[[ Records to use, beginning ]]

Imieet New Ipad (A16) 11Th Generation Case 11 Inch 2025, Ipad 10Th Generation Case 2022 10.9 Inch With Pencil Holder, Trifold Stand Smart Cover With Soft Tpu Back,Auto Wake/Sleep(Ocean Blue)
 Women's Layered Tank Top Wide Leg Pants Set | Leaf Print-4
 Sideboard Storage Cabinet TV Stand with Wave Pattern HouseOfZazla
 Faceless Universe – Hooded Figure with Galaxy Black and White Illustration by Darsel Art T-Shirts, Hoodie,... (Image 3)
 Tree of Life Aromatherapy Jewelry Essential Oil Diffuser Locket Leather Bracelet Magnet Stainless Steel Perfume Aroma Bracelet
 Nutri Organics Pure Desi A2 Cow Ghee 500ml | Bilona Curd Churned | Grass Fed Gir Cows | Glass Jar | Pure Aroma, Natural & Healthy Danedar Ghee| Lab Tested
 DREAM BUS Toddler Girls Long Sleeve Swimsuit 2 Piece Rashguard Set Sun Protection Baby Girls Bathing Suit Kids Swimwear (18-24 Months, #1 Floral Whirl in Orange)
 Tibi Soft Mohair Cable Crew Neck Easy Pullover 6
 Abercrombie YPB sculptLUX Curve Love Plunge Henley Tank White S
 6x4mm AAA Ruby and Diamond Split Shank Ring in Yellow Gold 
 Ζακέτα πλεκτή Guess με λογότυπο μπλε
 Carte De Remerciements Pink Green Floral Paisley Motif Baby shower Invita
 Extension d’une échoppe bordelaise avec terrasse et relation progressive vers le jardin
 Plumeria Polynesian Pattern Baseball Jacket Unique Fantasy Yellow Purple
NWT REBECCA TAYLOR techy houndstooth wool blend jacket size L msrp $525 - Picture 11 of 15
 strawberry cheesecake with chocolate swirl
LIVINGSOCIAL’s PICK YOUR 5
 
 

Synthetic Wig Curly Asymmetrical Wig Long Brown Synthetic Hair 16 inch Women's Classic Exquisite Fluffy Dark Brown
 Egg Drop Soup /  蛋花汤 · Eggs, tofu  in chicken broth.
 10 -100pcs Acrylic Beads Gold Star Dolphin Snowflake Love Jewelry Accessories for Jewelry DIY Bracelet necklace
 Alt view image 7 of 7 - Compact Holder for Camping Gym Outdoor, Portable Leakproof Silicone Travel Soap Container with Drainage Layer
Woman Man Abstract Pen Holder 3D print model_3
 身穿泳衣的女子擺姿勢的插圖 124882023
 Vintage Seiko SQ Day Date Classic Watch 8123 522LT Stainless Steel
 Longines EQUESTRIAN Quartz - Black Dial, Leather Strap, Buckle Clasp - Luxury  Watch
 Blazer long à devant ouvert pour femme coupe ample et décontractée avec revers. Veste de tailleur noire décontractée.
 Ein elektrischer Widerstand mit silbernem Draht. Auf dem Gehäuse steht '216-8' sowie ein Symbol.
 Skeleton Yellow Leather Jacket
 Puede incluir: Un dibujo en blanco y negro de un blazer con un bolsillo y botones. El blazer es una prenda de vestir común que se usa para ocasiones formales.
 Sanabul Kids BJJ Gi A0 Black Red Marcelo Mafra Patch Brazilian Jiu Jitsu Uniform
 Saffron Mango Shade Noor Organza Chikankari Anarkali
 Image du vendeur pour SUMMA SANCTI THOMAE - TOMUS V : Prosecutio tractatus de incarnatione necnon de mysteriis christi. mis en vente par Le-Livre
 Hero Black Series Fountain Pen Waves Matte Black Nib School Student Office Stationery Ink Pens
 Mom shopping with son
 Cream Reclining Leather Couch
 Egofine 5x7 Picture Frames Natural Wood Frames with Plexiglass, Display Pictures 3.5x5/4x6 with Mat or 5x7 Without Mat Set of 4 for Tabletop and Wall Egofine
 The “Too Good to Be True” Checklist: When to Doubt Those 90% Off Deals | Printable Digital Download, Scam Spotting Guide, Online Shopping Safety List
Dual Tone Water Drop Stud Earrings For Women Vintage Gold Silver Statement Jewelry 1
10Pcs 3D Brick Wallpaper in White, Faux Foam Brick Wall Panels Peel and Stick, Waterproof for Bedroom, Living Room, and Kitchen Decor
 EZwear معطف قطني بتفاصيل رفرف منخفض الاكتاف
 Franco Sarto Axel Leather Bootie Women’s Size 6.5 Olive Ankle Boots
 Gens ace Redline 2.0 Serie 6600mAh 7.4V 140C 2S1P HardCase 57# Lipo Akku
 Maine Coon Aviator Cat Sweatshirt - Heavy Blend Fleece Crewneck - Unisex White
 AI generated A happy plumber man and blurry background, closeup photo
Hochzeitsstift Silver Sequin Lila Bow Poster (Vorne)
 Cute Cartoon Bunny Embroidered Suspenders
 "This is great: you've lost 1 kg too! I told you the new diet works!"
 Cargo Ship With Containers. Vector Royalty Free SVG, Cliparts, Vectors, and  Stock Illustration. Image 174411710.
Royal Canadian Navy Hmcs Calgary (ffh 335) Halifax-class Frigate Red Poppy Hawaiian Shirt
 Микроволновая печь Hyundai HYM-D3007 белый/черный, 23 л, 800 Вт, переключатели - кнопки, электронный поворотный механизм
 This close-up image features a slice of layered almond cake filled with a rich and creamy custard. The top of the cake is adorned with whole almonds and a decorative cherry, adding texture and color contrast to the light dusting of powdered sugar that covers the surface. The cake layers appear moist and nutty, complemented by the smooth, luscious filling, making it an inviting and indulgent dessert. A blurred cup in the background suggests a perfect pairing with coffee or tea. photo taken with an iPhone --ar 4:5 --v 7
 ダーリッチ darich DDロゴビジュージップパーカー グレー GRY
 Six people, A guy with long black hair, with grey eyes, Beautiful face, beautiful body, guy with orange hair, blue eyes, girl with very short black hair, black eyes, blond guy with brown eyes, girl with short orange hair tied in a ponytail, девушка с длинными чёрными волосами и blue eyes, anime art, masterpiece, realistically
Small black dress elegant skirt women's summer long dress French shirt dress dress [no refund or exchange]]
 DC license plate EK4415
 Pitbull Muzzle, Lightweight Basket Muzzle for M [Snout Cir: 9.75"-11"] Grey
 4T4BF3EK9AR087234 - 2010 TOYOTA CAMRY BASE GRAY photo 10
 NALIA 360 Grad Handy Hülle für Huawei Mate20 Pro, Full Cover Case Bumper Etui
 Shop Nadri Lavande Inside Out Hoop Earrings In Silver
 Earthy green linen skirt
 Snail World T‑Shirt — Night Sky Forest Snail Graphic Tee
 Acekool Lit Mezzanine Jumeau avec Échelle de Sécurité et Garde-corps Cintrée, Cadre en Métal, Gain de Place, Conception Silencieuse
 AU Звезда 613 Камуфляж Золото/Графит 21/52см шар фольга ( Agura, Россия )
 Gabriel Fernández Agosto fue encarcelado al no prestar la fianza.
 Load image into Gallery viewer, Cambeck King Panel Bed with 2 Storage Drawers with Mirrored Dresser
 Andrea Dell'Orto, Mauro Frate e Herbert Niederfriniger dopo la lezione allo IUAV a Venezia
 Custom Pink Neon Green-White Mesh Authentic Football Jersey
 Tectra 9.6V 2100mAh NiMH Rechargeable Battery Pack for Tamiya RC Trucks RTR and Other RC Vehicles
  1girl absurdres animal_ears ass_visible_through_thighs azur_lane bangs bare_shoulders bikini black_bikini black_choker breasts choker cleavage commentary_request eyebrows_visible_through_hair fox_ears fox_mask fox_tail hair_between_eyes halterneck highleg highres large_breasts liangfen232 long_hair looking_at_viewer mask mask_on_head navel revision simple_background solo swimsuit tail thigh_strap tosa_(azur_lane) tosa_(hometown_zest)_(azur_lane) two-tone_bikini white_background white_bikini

[[ Records to use, end ]]

How to complete this task: Working through the records above, copy each line in which "Leather" is found.

Result:
 Tree of Life Aromatherapy Jewelry Essential Oil Diffuser Locket Leather Bracelet Magnet Stainless Steel Perfume Aroma Bracelet
 Longines EQUESTRIAN Quartz - Black Dial, Leather Strap, Buckle Clasp - Luxury  Watch
 Skeleton Yellow Leather Jacket
 Cream Reclining Leather Couch
 Franco Sarto Axel Leather Bootie Women’s Size 6.5 Olive Ankle Boots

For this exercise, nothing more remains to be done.